The loss by the much-admired bank was more than a case of a private-sector company taking a private-sector hit because of a private-sector error. First, if a bank this important were to become endangered, the contagion to global financial confidence would surely necessitate a bailout. Losses in institutions to which we entrust the soundness of our money, or where deposits are guaranteed, put the rest of us at risk. Second, and less widely appreciated, JPMorgan’s trading loss is a minuscule fraction of the bank’s more than $75 trillion in notional value of its current positions in derivative securities. The trading of derivatives — securities whose prices are dependent on valuations of underlying assets but do not represent direct ownership claims on those assets — is exempt from the sensible regulation of disclosure and leverage normally applied to stocks, bonds, and other direct claims. This is still, despite all recent attempts at financial reform, the Wild West of trading markets.
Banks say their trading positions are properly hedged by countervailing positions, leaving them little risk. They ‘prove’ this using statistical models anchored in past price behavior and by noting that market pricing indicates a proper balance between their opposing positions, leaving little residual exposure. The problem is that the models are oversimplifications. They rarely predict unfamiliar possibilities, sometimes called ‘black swans,’ or the impacts of external events such as geopolitical disruptions.
All three of the largest U.S. banks have open derivatives positions in excess of 24,000% of their equity capital. Neither models nor markets can protect them from small percentage imbalances. In addition, bank-trading relationships around the world are so interconnected that, if one goes down, all are threatened. No CEO or board of directors, however talented and honorable, can oversee trading at the multi-trillion-dollar scale with perspective and precision enough to assure the avoidance of systemic impairment. Nor can any government oversight body.
Bank lobbyists insist that all this trading is needed to facilitate commercial transactions, but don’t be fooled. The open derivatives positions at the three largest U.S. banks exceed twice the GNP of the world. Add in large European and Asian banks, and the commercial-hedging argument becomes a parody. Hedging is useful in commerce, but its systemic risk should never outweigh its commercial value.
Under present rules, banks are free to put us all at risk in derivatives trading without creating any offsetting cushion.
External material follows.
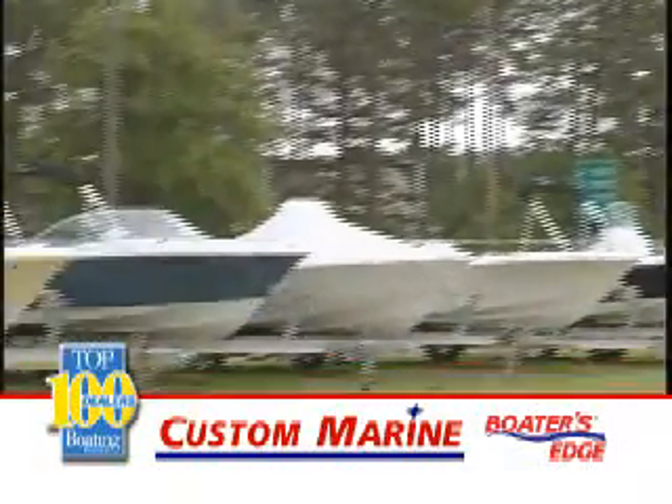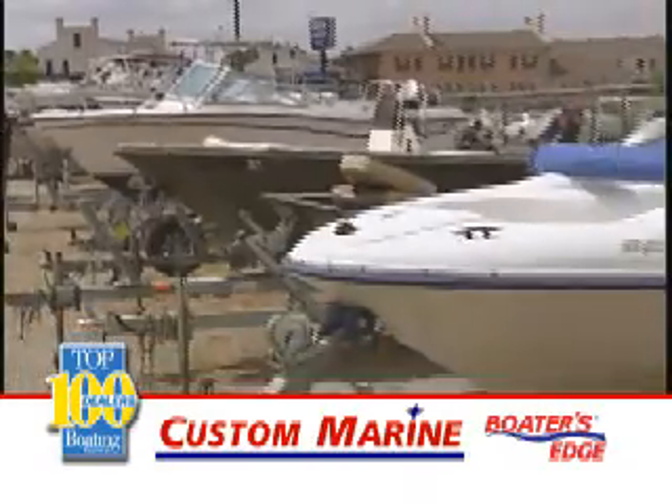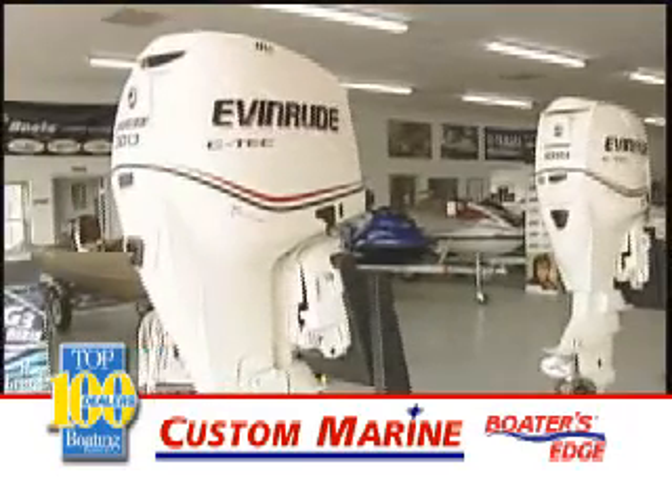Get back and stay on the water with a new or like-new pre-owned boat from Custom Marine in Statesboro. Worried about gas prices? Trade in your older boat motor for a new, more fuel-efficient one. With today's four-stroke and e-tec technology, you'll cut your fuel bill in half.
Every derivatives transaction involves some basis risk (that two paired commodities will not continue to move in unison), some counterparty risk (that the trade will not be honored by the other party), and some human-error risk. Accountants and regulators know well that netting massive positions to zero cannot reflect true exposure.
Whenever a new position is taken, there should be a mandatory accompanying reserve or capital charge. This would have a twofold benefit. It would increase protection for both the public and the banks, and it would dull the appeal of hazardously oversized trading accounts. Although regulators should set the actual amounts, imagine that the charge was uniformly 0.1% of the notional position value. Open positions of $75 trillion in derivatives would require $75 billion put aside, an amount large enough to make that trading scale unappealing. Charges to match the risk created would bring trading volumes back to sensible size with a minimum of new regulations and no need to outlaw useful commercial practices. They would simply acknowledge that all derivatives positions, however useful, impose some risk on the holders and the public. Current scale imposes an unmanageable risk.

James M. Stone, former chairman of the Commodity Futures Trading Commission and commissioner of Insurance for Massachusetts, is CEO of the Plymouth Rock group of property and casualty insurance companies.